Aan het einde van het boek bespreekt Said hoe Amerikaanse interventies in het Midden-Oosten sinds de Tweede Wereldoorlog eveneens afhankelijk waren van wetenschappelijke kennis en beeldvorming. In een nieuw voorwoord van Orientalism, dat Said kort voor zijn dood in september 2003 schreef, trekt hij deze relatie tussen kennis en macht zelfs door tot de 21ste eeuw. Zo hadden oriëntalisten zoals Bernard Lewis en Fouad Ajami een sterke invloed op de regering-Bush en de invasie van Irak vanaf maart 2003. Zonder een wetenschappelijk verantwoord beeld dat ‘Zij’ in het Midden-Oosten gevaarlijk zijn, of dat ‘Zij’ niet zelfstandig een functionele democratie kunnen optuigen, waren dergelijke invasies niet te legitimeren.
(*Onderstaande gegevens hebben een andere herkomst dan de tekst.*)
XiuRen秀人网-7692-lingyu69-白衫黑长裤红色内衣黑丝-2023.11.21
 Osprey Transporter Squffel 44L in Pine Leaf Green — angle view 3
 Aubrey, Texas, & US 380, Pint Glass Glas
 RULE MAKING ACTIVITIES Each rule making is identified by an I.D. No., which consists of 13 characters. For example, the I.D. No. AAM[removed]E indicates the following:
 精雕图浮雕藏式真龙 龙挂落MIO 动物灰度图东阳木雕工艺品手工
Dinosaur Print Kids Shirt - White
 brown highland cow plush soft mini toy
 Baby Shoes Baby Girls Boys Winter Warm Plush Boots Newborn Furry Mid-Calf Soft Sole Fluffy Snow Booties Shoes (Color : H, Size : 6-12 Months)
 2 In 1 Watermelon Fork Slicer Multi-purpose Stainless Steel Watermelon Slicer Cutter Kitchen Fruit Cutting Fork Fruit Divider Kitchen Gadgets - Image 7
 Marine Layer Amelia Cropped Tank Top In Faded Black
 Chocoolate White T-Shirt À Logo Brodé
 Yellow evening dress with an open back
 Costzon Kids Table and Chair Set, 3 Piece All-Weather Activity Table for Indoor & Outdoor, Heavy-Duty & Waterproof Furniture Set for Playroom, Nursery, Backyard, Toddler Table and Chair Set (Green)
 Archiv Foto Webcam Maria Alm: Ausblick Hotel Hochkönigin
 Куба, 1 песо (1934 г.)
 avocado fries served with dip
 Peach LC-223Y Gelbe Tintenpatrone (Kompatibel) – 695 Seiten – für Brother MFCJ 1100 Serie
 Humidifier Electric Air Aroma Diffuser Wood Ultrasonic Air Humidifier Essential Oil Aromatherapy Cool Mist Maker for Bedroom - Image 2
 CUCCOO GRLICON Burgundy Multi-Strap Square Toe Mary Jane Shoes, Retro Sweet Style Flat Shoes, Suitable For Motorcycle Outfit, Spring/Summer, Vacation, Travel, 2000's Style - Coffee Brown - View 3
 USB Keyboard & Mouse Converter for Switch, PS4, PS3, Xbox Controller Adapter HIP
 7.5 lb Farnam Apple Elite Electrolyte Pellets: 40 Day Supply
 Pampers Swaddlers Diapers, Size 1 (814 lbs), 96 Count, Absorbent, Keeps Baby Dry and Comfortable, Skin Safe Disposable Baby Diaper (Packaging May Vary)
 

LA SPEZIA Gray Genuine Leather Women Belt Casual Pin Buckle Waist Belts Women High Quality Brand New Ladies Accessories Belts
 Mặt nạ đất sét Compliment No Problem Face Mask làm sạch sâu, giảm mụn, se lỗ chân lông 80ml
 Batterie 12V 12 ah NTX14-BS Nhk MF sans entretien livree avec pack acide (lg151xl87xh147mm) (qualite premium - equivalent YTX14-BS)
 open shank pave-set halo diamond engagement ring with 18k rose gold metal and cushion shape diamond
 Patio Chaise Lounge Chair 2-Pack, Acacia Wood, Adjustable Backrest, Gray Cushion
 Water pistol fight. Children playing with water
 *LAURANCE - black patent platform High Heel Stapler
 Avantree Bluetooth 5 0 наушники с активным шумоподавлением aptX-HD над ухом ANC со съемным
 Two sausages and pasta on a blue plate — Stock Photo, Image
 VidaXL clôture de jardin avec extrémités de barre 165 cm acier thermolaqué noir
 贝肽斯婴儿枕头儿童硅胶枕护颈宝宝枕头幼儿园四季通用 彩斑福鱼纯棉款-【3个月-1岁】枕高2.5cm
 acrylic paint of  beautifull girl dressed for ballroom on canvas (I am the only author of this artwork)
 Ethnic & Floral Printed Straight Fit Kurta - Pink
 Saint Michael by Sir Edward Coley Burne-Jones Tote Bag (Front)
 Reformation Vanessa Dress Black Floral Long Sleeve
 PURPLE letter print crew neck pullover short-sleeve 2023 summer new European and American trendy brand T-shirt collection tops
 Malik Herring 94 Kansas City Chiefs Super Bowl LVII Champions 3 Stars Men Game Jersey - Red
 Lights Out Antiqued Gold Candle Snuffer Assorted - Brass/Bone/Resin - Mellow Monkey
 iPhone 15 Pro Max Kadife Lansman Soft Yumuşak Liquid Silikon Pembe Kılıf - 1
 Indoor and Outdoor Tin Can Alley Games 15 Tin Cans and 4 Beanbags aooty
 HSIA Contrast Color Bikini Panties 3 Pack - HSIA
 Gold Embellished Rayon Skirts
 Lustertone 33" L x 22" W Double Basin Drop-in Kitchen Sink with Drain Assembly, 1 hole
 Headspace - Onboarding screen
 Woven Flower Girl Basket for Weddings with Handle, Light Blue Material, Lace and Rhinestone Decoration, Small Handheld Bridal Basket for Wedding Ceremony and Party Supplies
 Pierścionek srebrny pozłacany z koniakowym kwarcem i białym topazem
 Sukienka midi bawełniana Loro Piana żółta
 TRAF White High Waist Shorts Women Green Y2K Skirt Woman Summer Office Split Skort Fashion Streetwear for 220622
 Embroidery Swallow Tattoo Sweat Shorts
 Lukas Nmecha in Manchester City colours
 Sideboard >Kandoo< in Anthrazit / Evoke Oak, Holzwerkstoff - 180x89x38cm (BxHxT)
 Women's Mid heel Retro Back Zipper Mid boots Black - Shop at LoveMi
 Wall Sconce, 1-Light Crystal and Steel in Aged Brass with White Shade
Legitimering is een centraal begrip in Saids betoog. Wetenschappelijke kennis werd niet alleen gebruikt om oorlog en overheersing concreet te ondersteunen, bijvoorbeeld wanneer oriëntalisten advies uitbrengen aan militaire strategen; bovendien legitimeerde het oriëntalisme dergelijke interventies naar de Amerikaanse bevolking. Oriëntalistische experts, inclusief Lewis en Ajami, verkondigden regelmatig in de media hoe ‘anders’ de culturen in het Midden-Oosten zijn en hoe de westerse mogendheden stabiliteit in de regio creëren, de educatie en infrastructuur ontwikkelen en de rechten van vrouwen en religieuze minderheden beschermen. Door wetenschappelijk aan te tonen dat oosterse culturen ‘minder ontwikkeld’ zouden zijn en daarom westerse hulp nodig hebben, worden buitenlandse interventies gelegitimeerd voor de westerse burgers, die vervolgens kunnen kiezen of ze de machthebbers blijven ondersteunen.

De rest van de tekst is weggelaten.